## INSTRUCTIONS TO FOLLOW
Return the full set of entries below exactly, leaving every image out.

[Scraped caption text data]
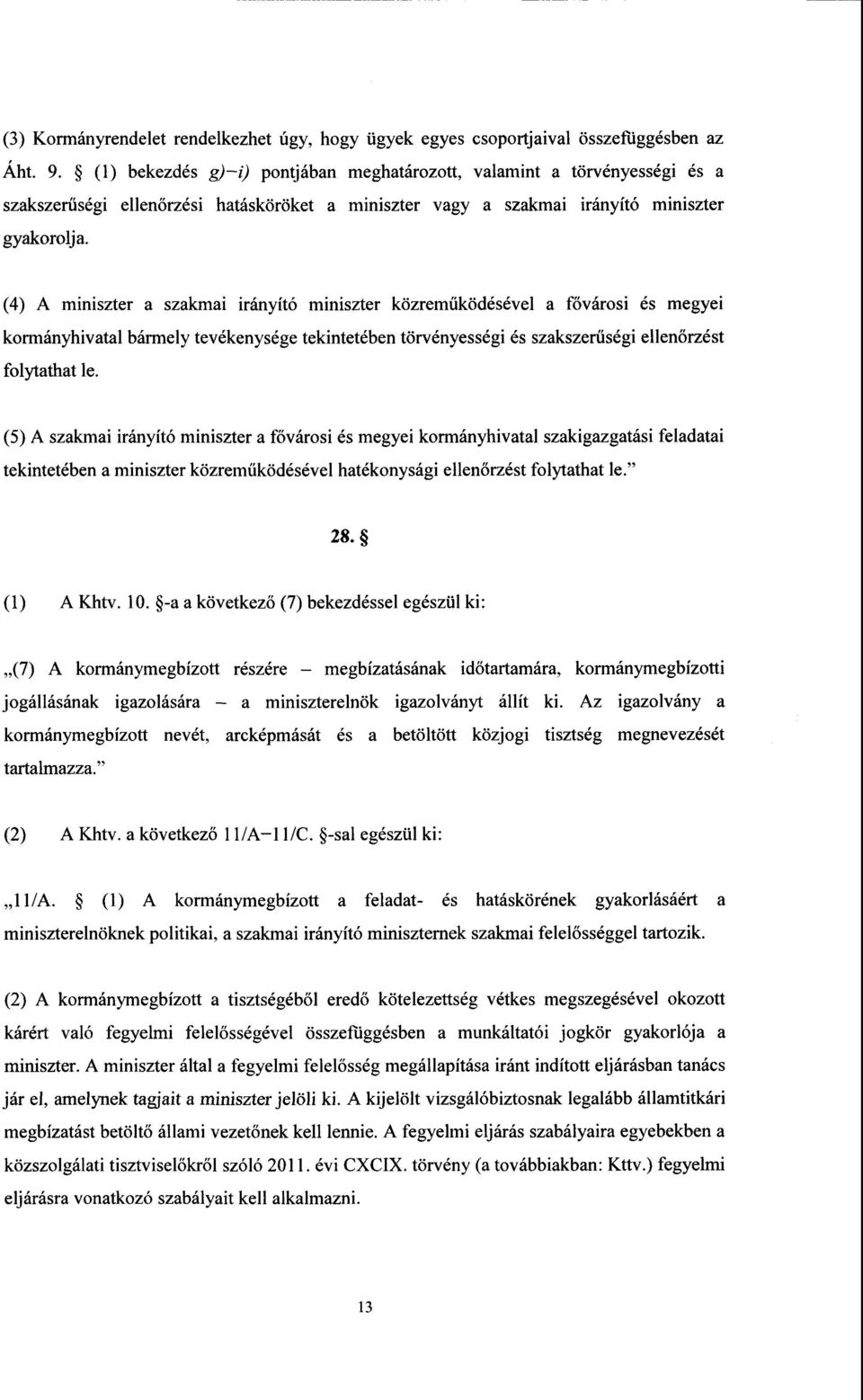 (4) А miniszter а szakmai irányító miniszter közreműködésével а fővárosi és megye i kormányhivatal bármely tevékenysége tekintetében törvényességi és szakszerűségi ellen őrzést folytathat le.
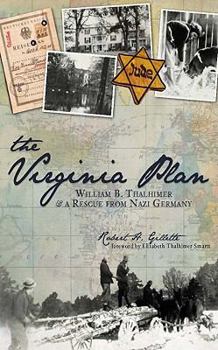 Paperback The Virginia Plan: William B. Thalhimer & a Rescue from Nazi Germany Book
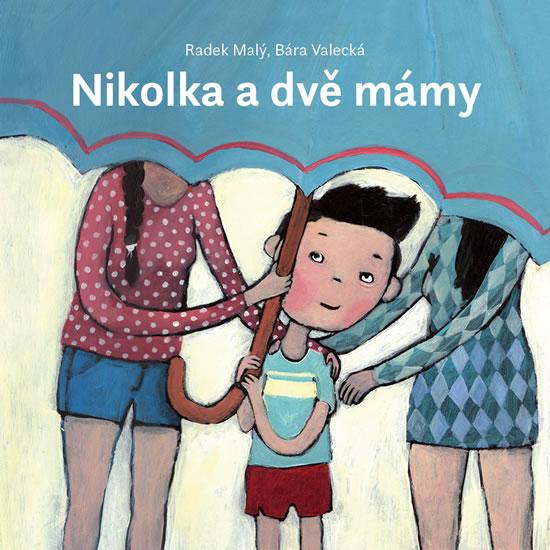 Kniha: Nikolka a dvě mámy - Malý Radek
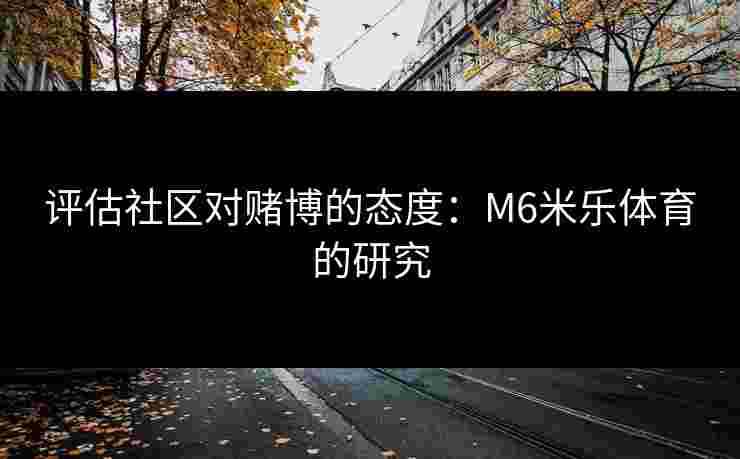 评估社区对赌博的态度：M6米乐体育的研究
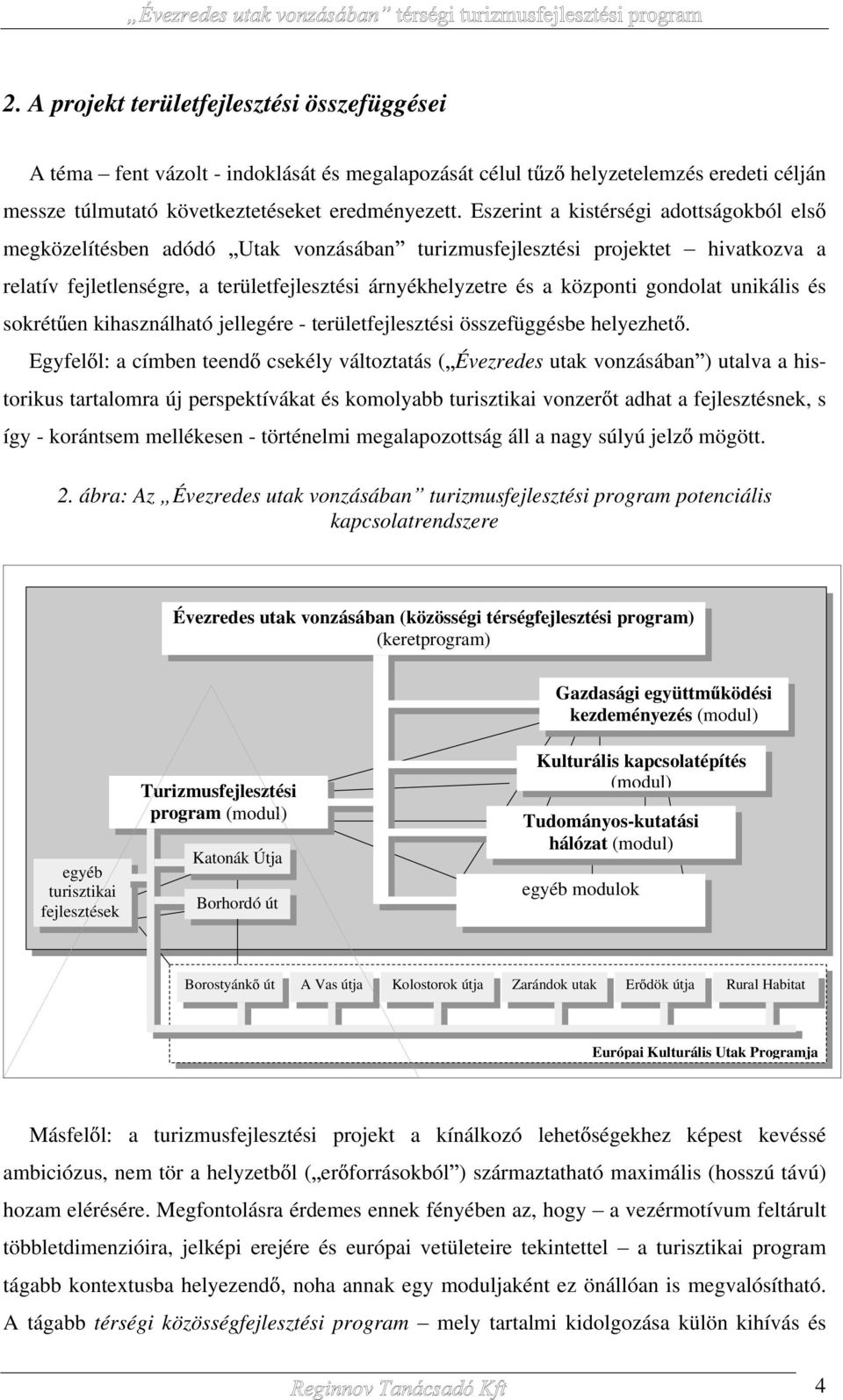 gondolat unikális és sokrét en kihasználható jellegére - területfejlesztési összefüggésbe helyezhet.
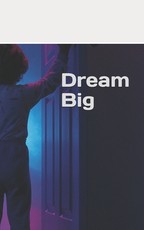 Dream Big
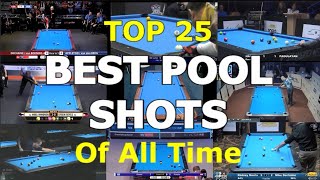 Top 25 BEST POOL SHOTS of All Time [upl. by Eiddal]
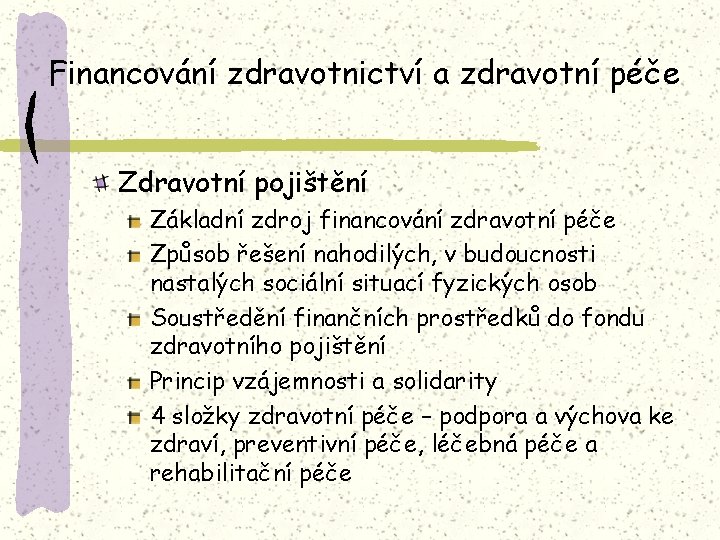 Financování zdravotnictví a zdravotní péče Zdravotní pojištění Základní zdroj financování zdravotní péče Způsob řešení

## REPLY
 (4) А miniszter а szakmai irányító miniszter közreműködésével а fővárosi és megye i kormányhivatal bármely tevékenysége tekintetében törvényességi és szakszerűségi ellen őrzést folytathat le.
 Paperback The Virginia Plan: William B. Thalhimer & a Rescue from Nazi Germany Book
 Kniha: Nikolka a dvě mámy - Malý Radek
 评估社区对赌博的态度：M6米乐体育的研究
 gondolat unikális és sokrét en kihasználható jellegére - területfejlesztési összefüggésbe helyezhet.
 Dream Big
 Top 25 BEST POOL SHOTS of All Time [upl. by Eiddal]
 Financování zdravotnictví a zdravotní péče Zdravotní pojištění Základní zdroj financování zdravotní péče Způsob řešení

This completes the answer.